Posted by Ash on Feb 16, 2016

I believe it is important to realise that we have all got an innate ability to think creatively and this should be reflected in the education system as a whole. Robinson makes an interesting point when he demonstrates this using his example of the paper clip and kindergarten children.

He points out that from a young age we are divergent thinkers but then education is imposed on us as children and our ability to think creatively greatly decreases.

The education he is referring to has been passed down to children, through a historical foundation. A foundation which served a purpose at that time, a factory-like system. In effect the universal system of education for all is based on the old Victorian values. These values fitted the world in that period, when the structure of society was different and where there was a hierarchy class system which did not encourage children to think widely. There was a lot of rote learning meaning stimulation was very limited.

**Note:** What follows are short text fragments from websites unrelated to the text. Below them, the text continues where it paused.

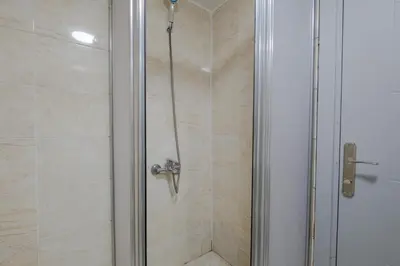 a shower with a glass door and a shower constructorangering at JAMMY Hotel in Istanbul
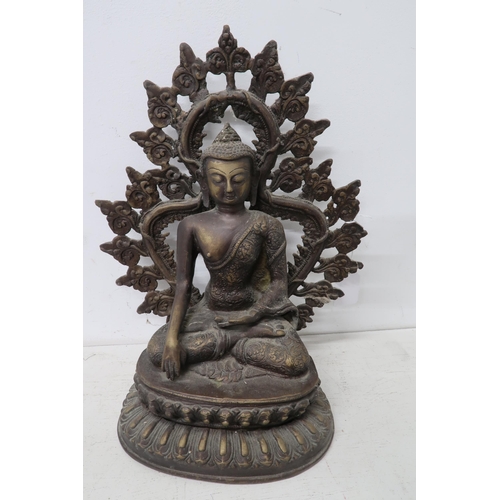 443 - A cast yellow metal figure of a Sinto-tibetan kneeling buddha 38cm high, in good condition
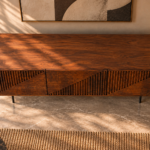 Elevated view of the Rhythm bar cabinet in a warm brown wood finish, with a broad grained top, three doors patterned with horizontal and vertical grooves, and slim dark legs.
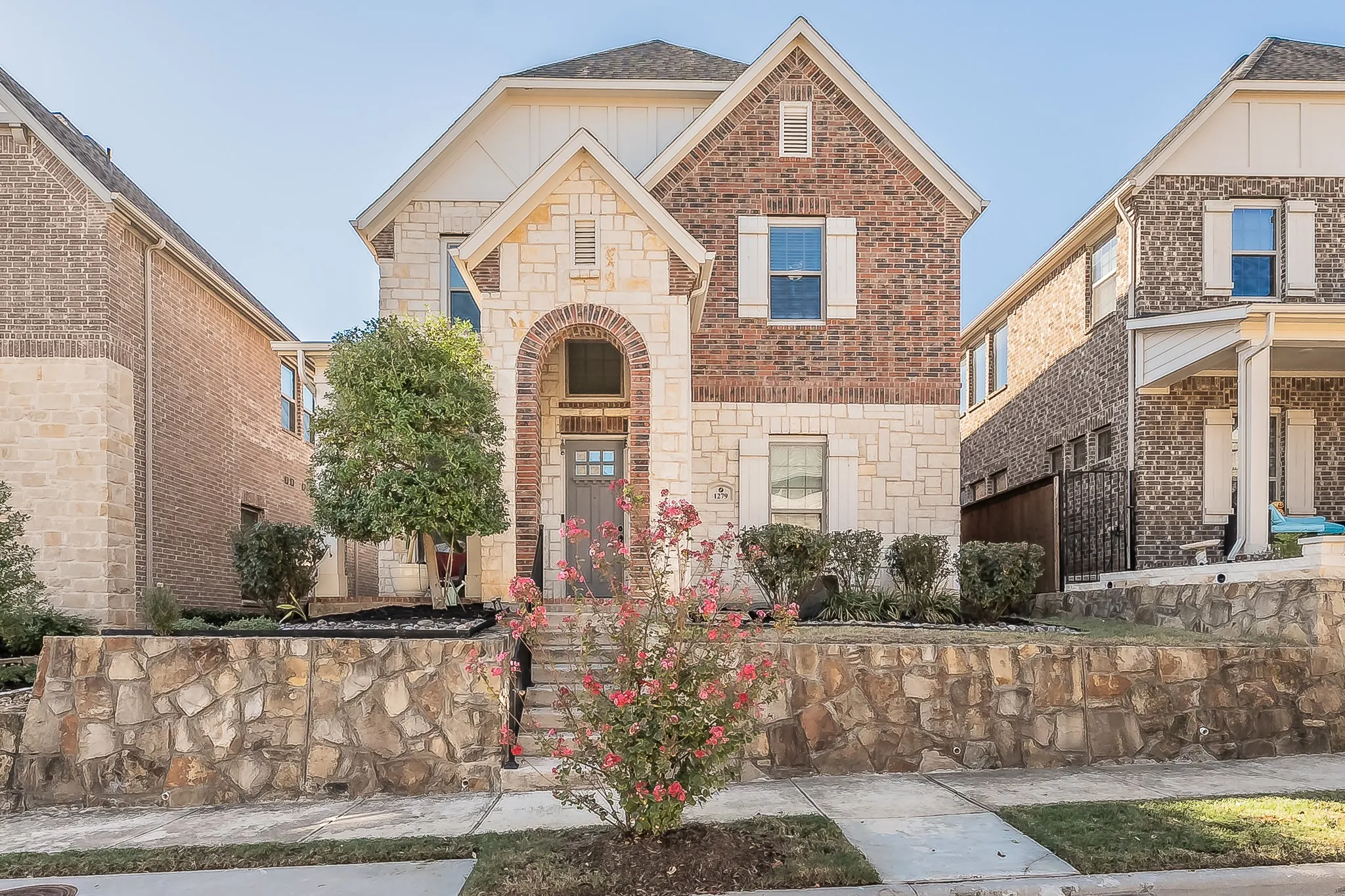 Tudor style elevated front view with stunning curb appeal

But now in a technological age, children’s senses are bombarded with new ideas, new ways of thinking and a rapidly changing world. However, they are still being channeled into a schooling system that fundamentally dates back to over 100 years ago.

I agree with the points that both Robinson and Boaler make – it’s time for an adjustment to our education system. To try and continue to educate people in a historical straight jacket is no longer appropriate.

In my opinion we should be encouraging children to explore their world using all of their senses and imagination to maximum capacity. The question is how do we do this as Mathematics teachers?

I think we should aim to move a child’s focus from the rote learning method and shift it towards an understanding of the Mathematics behind the formula.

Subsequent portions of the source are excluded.